Successive attempts by top Trump administration officials to articulate a plan have furthered the appearance of a policy still evolving, even after the U.S. broke with precedent last week by attacking Assad’s forces. In the absence of answers, other countries seem to be moving ahead on their own terms.
British Foreign Secretary Boris Johnson, after a meeting in Italy with U.S. Secretary of State Rex Tillerson, floated the possibility of new sanctions on the Syrian and Russian militaries, an idea the U.S. has only briefly mentioned.

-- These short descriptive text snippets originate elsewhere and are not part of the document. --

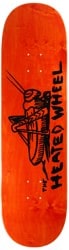 The Heated Wheel Grasshopper 8.75 Skateboard Deck - orange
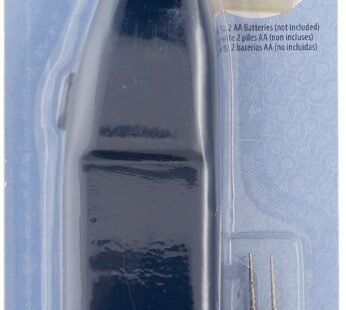 Beadalon Bead Reamer, Battery Operated Jewelry Making Tool, Blue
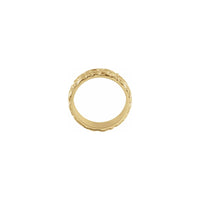 3D Swirls Pattern Ring (14K) setting - Popular Jewelry - New York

In an unusual announcement for a foreign government, Johnson also said the U.S. could launch more cruise missiles into Syria like the ones President Donald Trump ordered last week in reaction to Assad’s use of chemical weapons.

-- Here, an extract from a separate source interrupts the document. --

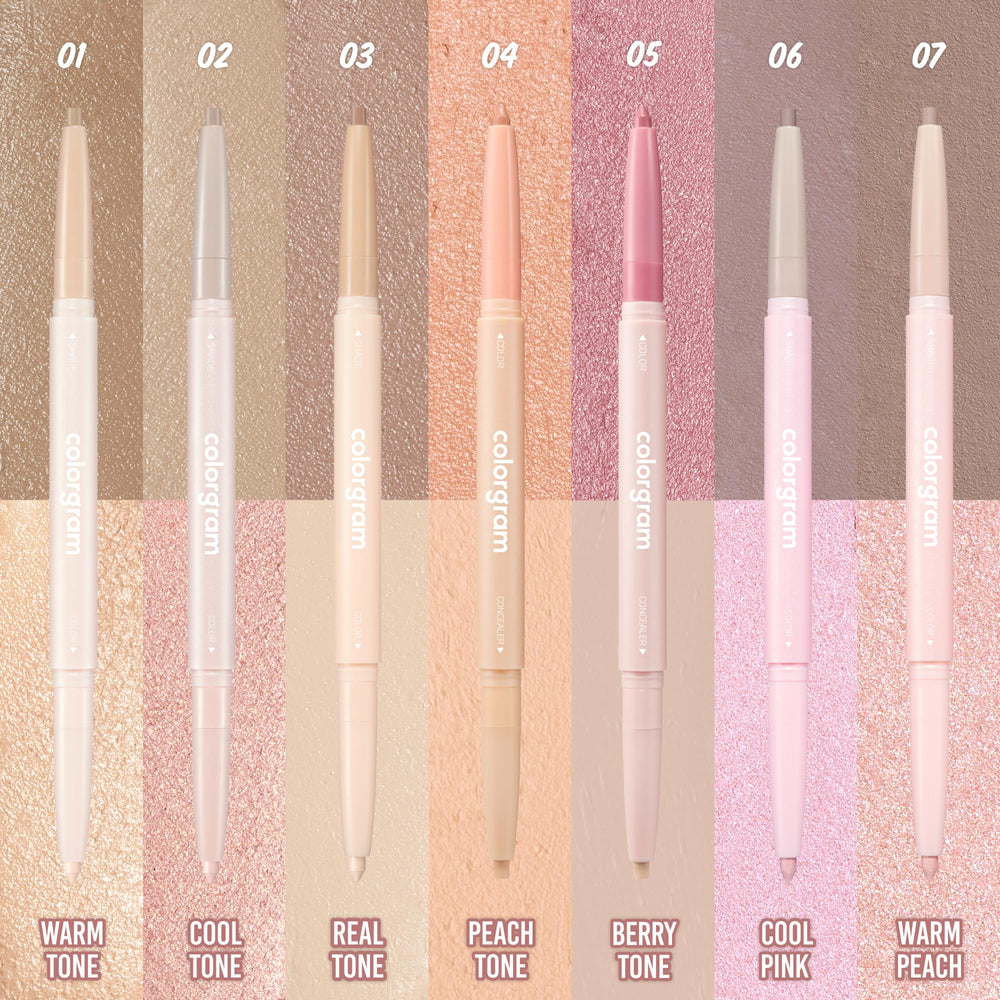 COLORGRAM bâton double-face lumineux pour profondeur et volume autour des yeux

“Crucially, they could do so again,” Johnson said.
Tillerson himself raised fresh expectations for aggressive U.S. action — and not only in Syria — as he visited Sant’Anna di Stazzema, a Tuscan village where the Nazis massacred more than 500 civilians during World War II. As he laid a wreath, he alluded to the Syria chemical attack.
“We rededicate ourselves to holding to account any and all who commit crimes against the innocents anywhere in the world,” Tillerson said.
Though such comments hint at a more activist U.S. foreign policy focused on preventing humanitarian atrocities, Trump has consistently suggested he prefers the opposite approach. His young administration has generally downplayed human rights concerns while promoting an “America First” strategy deemphasizing the concerns of foreign nations.
The uncertain view of U.S. objectives prevailed as Tillerson planned to attend a meeting Tuesday of the “like-mindeds” — countries that share a similar approach to resolving Syria’s protracted civil war. The session on the sidelines of the Group of 7 summit in Italy was to include Middle East countries including Turkey, Saudi Arabia, Jordan and the United Arab Emirates that share a U.S. interest in resolving the conflict and resisting Iran’s influence in Syria.
Tuesday night, Tillerson will fly to Moscow, the first official visit by a Trump Cabinet official to Russia, Assad’s strongest ally. The U.S. has said its Syria strategy centers on persuading President Vladimir Putin to stop supporting Assad. On Monday, the U.S. upped the stakes significantly by accusing Russia of knowing in advance of the chemical attack and using a Russian-operated drone to help cover it up.